Joint security Area

FESTIVALS:
2001 Berlin, Deauville, Seattle, Karlovy Vary, Jerusalem, Helsinki, Warsaw
2003 Febio, Florence
2019 Harvard Film Archive

Park Chan-wook’s career was launched with the blockbuster success of his timely and taut thriller set on the tense demilitarized zone separating North and South Korea. Joint Security Area follows the urgent investigation of the mysterious death of two North Korean DMZ guards and the South Korean soldier immediately suspected. Park’s meticulous attention to accuracy extends to the film’s expanded set of the DMZ — recreated at tremendous expense just miles away from the actual site — as well as the methodical procedures of the Swiss Korean UN investigator tasked with untangling the complex web of friendship and betrayal uncovered as she learns more about the soldiers and the strange symbolic space they inhabit and dutifully guard with their lives. With its questioning of dehumanizing military authority Joint Security Area recalls classic military dramas such as The Caine Mutiny (1954) or Breaker Morant (1980). Park, however, brings another more intimate and poignant dimension into his depiction of the soldiers themselves whose loneliness and confusion embody the strange miasma and ominous immobility of the Cold War stalemate still dividing the Korean peninsula.
– Harvard Film Archive.

For the second year in a row, the Korean film industry has struck gold with a movie about North Korea. Many expected Joint Security Area (or JSA) to do well at the box office, given the current level of interest in North Korean affairs, but it has done much more than that, spawning headlines and breaking box-office records with ease. The film drew close to half a million viewers in Seoul alone its first week. On the following Saturday it set a one-day box office record, drawing 104,000 viewers in the capital. It broke the one million admissions mark in only 15 days – last year it took Shiri 21 days to reach the same mark. By early 2001 it had become the best-selling film in Korean history (though it was eclipsed by Friend a few months later).

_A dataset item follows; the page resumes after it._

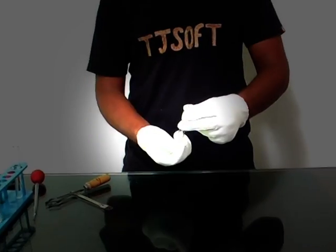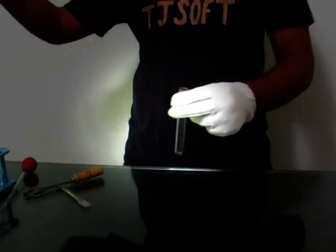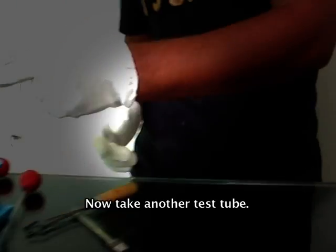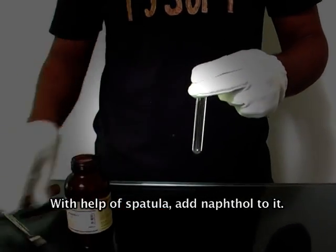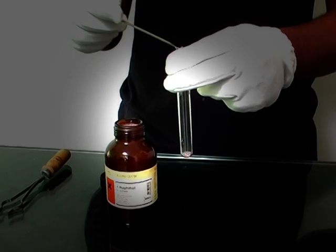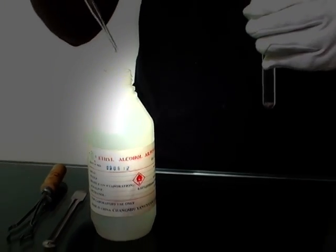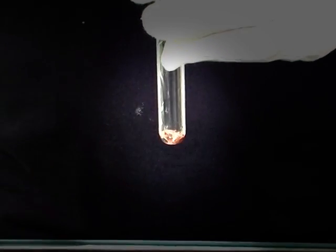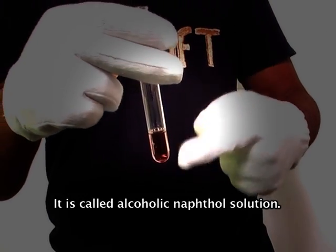Now take another test tube. With the help of a pipette, add 1 ml of glucose solution to it. With the help of a spatula, add naphthol to it. Now add alcohol with the help of a filler to the test tube and shake it well. It is called alcoholic naphthol solution.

Joint Security Area, Park Chan-wook’s film, opens with a shooting in the truce village of Panmunjom which leaves two North Korean soldiers dead and one South Korean soldier wounded. With each country giving conflicting reports on what happened, the Neutral Nations Supervisory Commission (NNSC) is asked to send in a Swiss military officer to conduct an investigation. After her arrival, however, she finds that no one is willing to talk to her, and the soldiers involved all seem to be hiding some secret.

JSA is described as a mystery/human drama, and its structure is clearly divided into two parts: the investigation by Korean-Swiss Major Sophie Jean, and an extended flashback to the incident between the soldiers. I think most would agree that the film’s biggest strength is the flashback, with actors Song Kang-ho and Lee Byung-heon excelling in their roles. This part of the film also features some breathtaking cinematography for the scenes that take place along the Demilitarized Zone.

The mystery element contains less tension, particularly if the viewer knows too much about the plot beforehand. Attention is focused not so much on what happened, but why. This part also contains a large number of scenes in English. Nonetheless it has been noted by critics and audience members alike for its rare casting of a female actor (Lee Young-ae) in a non-romantic part.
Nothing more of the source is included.